Now, when the new priesthood was consolidating itself around the 1880s or so, its architects including civil service commisioner (and Unitarian) Dorman B. Eaton (check out his lovely rant against Jacksonian America and the “politician and patronage-mongering classes”), the proposition nation as an idea was taking hold at the same time.
Probably the most conspicuous example (though still with a legalistic cloak) was President Chester A. Arthur’s veto of the first draft of the Chinese Exclusion Act in 1882.
It deserves to be read in full, but among other things it heaps praise on the contributions of Chinese labor, says that the “system of personal registration and passports is undemocratic and hostile to the spirit of our institutions,” and even flat out pulls the “jobs Americans just won’t do” argument when he states that “Enterprises profitable alike to the capitalist and to the laborer of Caucasian origin would have lain dormant but for them.”
The proposition nation concept is actually older than many ideas that Americans consider integral to their political heritage, like absolute freedom of speech.
At one point, M.G. bemoans the political passivity of Hispanics, though he seems to conflate it with their corruption. He cites Thomas Jefferson that the love of liberty must be shared by the governed themselves.
But as I have tried to show, liberal democracy (the one where people don’t shoot and stab each other on the way to the voting place) crucially depends on maintaining a certain reserve level of political passivity. Inflaming popular passions too much is to be avoided. In the case of whites, passivity probably served to reduce corruption overall.

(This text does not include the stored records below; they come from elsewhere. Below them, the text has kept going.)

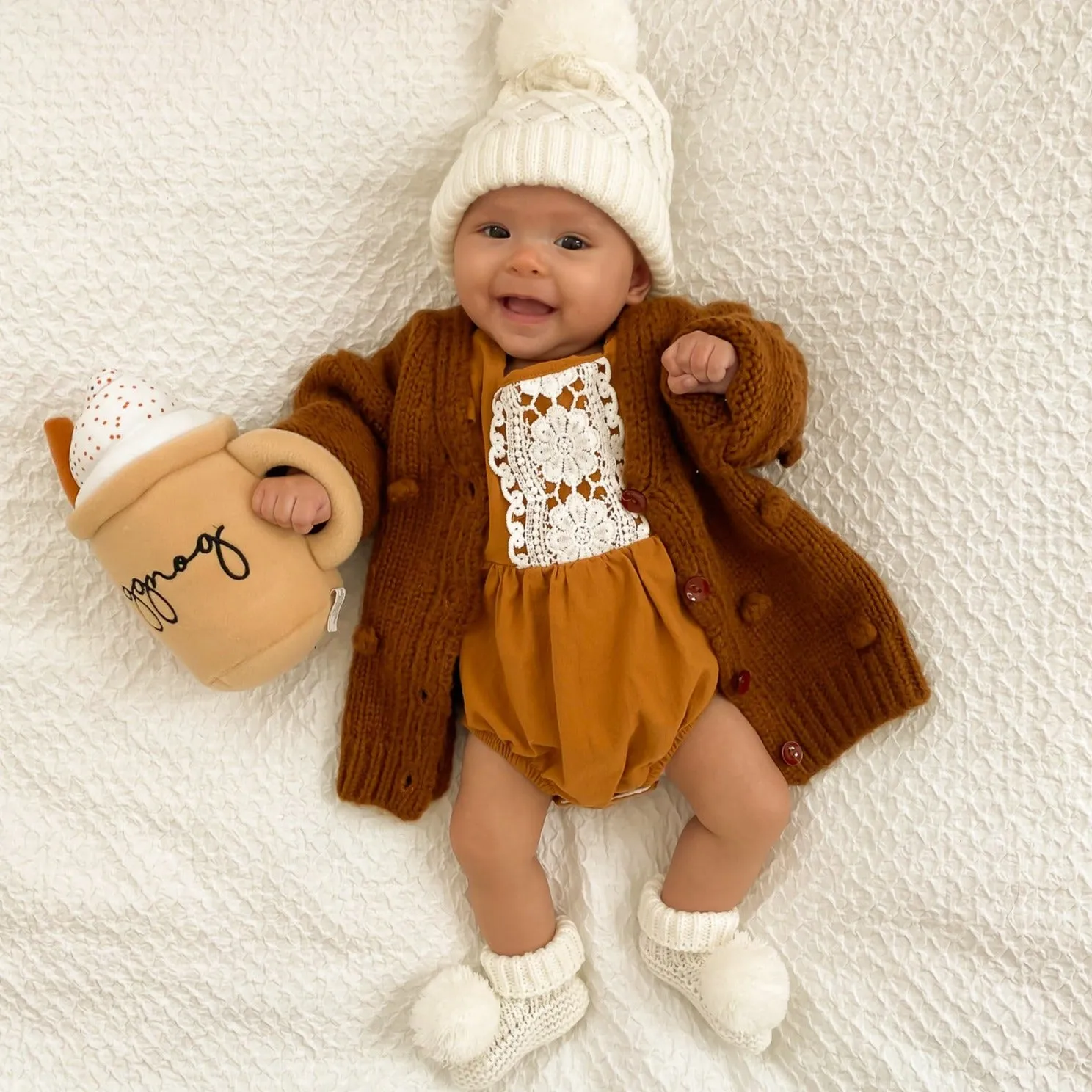 Chunky Pom Cardigan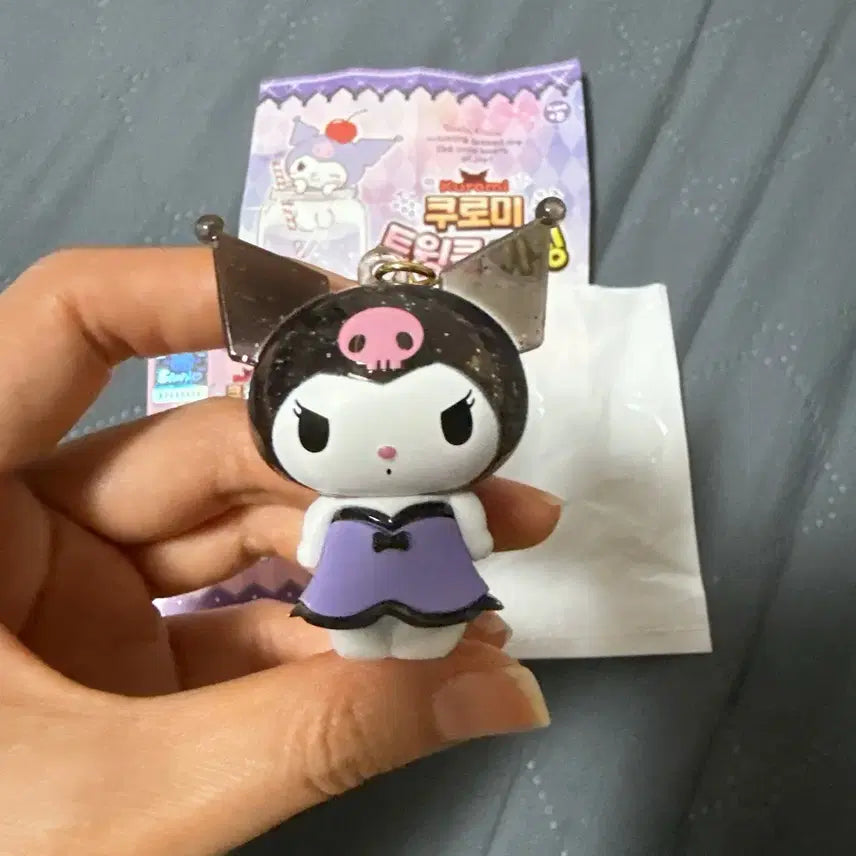[BUNJANG] Sanrio Kuromi Twinkle Keychain / 산리오 쿠로미 트윙클 키링 큐티쿠로미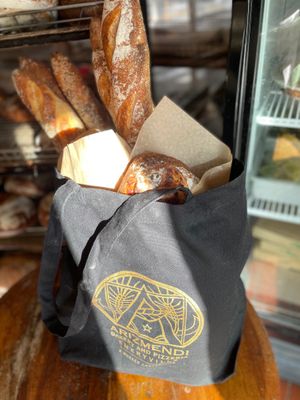 sourdough bread  at Arizmendi Bakery and Pizzeria in Emeryville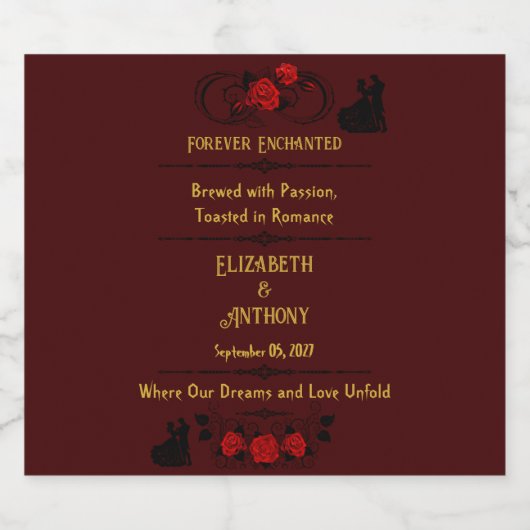 betoverd brouwsel bier etiket (Enkel label)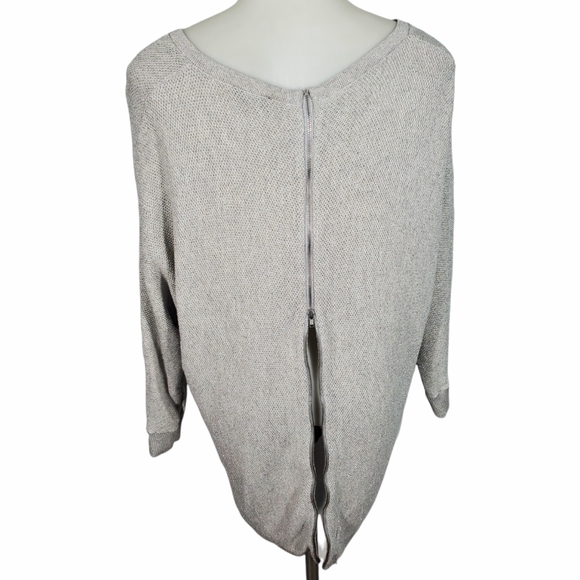 EXPRESS Oversized Sweater Sparkly Zippered Back - Picture 7 of 8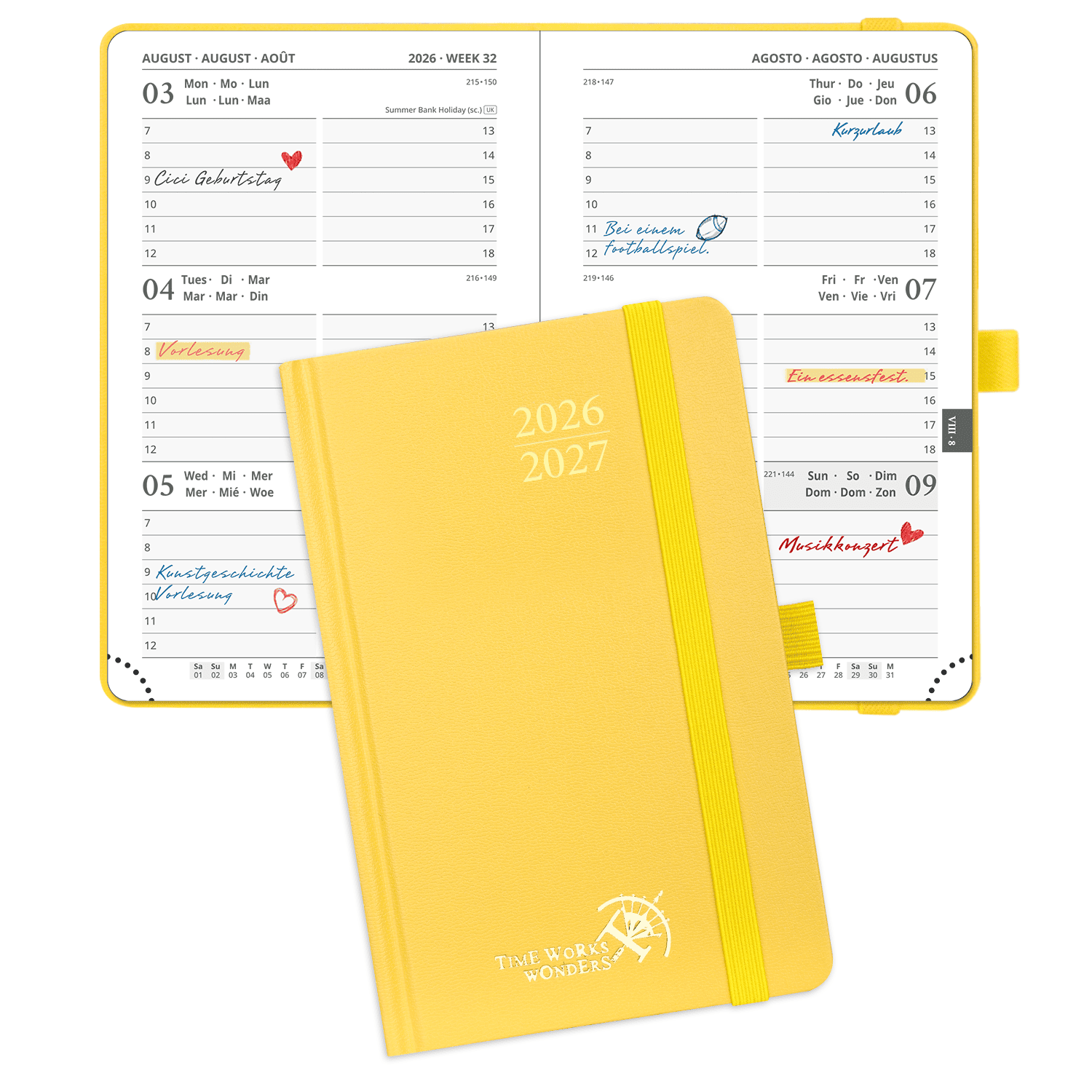 POPRUN 2026-2027 Academic Planner Light Yellow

In fact, the drop in voter turnout in America was already substantial by the 1920s (from p.186 of Michael E. McGerr’s The Decline of Popular Politics: The American North, 1865-1928):
By the twenties, a massive political withdrawal had occurred across the country. Much of it took place in the South, where disenfranchisement between 1890 and 1910 had torn the vote away from blacks and many poor whites. Average Southern turnout at presidential elections, 64 percent from 187 to 1892, fell to 32 percent from 1900 to 1916 and then to just 20 percent in the campaigns of 1920 and 1924.
Even in the North, where there was nothing like disenfranchisement, people had abandoned the ballot box. After reaching 83 percent in 1896 and 1900, average Northern turnout at presidential elections moved down to 65 percent from 190 to 1916 and then to only 58 percent in 1900 and 1924. Voting decreased for elections at all levels. Turnout for off-year Congressional contests fell off from 70 percent in 1894 and 1896 down to 42 percent by 1922 and 1926. In the twenties, perhaps a fourth of all eligible Northerners never cast a ballot. The non-voters came disproportionately from the ranks of newly enfranchised women, young people, immigrants and their children, and the poor.
The people you don’t want to vote, didn’t. And yet that couldn’t save you, either.
Having made these additions, our picture changes from a model of cumulative migration and dilution of native stock, to a more nuanced one where an internal Anglo faction elevates itself to a new elite for the purpose of, among other things, taming democracy and making the country more governable. Racial spoils continue to be practiced as they were for a long time, but in a more controlled fashion until the past few decades where the pretense of order has unraveled. The missionary and proselytizing fervor hidden in American nativism and the congregationalist allies of American nativism have developed into an internationalism bent on liberating the world.